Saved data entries
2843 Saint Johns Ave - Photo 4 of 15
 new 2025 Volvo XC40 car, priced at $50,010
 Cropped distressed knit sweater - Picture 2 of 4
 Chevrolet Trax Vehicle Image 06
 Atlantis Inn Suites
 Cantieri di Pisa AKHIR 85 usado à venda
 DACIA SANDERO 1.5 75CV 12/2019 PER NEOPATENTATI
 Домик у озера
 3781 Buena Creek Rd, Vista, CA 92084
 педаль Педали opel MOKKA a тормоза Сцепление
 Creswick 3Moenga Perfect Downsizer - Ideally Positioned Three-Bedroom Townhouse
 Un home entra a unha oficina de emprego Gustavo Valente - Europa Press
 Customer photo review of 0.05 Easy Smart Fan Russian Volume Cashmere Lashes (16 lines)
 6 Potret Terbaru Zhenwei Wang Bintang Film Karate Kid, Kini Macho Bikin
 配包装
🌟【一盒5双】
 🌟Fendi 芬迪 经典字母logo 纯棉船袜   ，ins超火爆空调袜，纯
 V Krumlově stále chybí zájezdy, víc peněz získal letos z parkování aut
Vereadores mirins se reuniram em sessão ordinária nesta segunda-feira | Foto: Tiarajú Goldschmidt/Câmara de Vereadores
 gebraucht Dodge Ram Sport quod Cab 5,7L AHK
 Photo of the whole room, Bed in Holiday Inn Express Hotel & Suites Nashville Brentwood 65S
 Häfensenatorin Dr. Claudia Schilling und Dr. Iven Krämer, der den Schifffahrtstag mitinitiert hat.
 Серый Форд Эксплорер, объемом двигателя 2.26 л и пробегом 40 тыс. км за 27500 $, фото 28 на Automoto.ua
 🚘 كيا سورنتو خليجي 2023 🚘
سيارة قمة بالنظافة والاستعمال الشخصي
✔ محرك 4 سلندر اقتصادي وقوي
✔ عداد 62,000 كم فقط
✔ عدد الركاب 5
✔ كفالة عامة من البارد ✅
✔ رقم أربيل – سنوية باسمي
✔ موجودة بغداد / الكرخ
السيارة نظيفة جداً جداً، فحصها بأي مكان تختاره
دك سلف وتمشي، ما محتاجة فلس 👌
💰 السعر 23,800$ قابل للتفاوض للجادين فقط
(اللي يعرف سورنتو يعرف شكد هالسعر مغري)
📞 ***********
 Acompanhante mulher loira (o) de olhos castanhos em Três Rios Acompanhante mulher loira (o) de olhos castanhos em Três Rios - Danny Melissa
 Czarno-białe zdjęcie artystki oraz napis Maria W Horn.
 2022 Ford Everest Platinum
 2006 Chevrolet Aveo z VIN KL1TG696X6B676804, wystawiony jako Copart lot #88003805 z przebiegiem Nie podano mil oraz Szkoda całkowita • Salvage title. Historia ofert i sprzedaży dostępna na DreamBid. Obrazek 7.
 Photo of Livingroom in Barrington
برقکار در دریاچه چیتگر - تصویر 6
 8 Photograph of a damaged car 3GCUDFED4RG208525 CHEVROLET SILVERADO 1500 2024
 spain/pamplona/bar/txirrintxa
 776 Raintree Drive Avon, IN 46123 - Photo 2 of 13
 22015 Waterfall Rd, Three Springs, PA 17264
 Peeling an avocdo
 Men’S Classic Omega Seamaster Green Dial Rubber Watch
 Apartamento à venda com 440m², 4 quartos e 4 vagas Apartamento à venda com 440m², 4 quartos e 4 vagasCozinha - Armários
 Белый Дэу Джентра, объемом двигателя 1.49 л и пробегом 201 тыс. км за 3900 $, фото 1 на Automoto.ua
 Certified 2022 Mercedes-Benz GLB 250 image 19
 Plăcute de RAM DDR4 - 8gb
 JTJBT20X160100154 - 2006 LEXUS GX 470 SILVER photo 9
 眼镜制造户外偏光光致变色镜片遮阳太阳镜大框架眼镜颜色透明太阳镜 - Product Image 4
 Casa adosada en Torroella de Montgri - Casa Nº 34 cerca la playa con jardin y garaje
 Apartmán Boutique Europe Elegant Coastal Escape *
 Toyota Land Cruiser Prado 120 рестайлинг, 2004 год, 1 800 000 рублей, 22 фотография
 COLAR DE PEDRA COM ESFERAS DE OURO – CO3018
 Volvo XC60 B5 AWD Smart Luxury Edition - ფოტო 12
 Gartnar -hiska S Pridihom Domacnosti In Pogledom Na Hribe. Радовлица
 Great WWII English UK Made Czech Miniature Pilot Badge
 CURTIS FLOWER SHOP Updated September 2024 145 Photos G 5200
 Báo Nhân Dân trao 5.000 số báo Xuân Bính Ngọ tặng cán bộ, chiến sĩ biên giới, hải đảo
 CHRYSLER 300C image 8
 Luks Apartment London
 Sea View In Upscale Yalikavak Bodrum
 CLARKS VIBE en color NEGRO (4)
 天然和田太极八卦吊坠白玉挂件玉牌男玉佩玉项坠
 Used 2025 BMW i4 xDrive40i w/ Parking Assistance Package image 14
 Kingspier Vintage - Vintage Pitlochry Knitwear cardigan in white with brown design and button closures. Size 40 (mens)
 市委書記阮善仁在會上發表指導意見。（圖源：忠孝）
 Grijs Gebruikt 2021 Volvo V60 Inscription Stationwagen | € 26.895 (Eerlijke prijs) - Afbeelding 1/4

* [WORK REQUEST]
Among the entries above, copy exactly only the lines starting with the one containing "Домик у озера" and going through the one containing "Customer photo review", both ends included.

* [OUTPUT BELOW]
 Домик у озера
 3781 Buena Creek Rd, Vista, CA 92084
 педаль Педали opel MOKKA a тормоза Сцепление
 Creswick 3Moenga Perfect Downsizer - Ideally Positioned Three-Bedroom Townhouse
 Un home entra a unha oficina de emprego Gustavo Valente - Europa Press
 Customer photo review of 0.05 Easy Smart Fan Russian Volume Cashmere Lashes (16 lines)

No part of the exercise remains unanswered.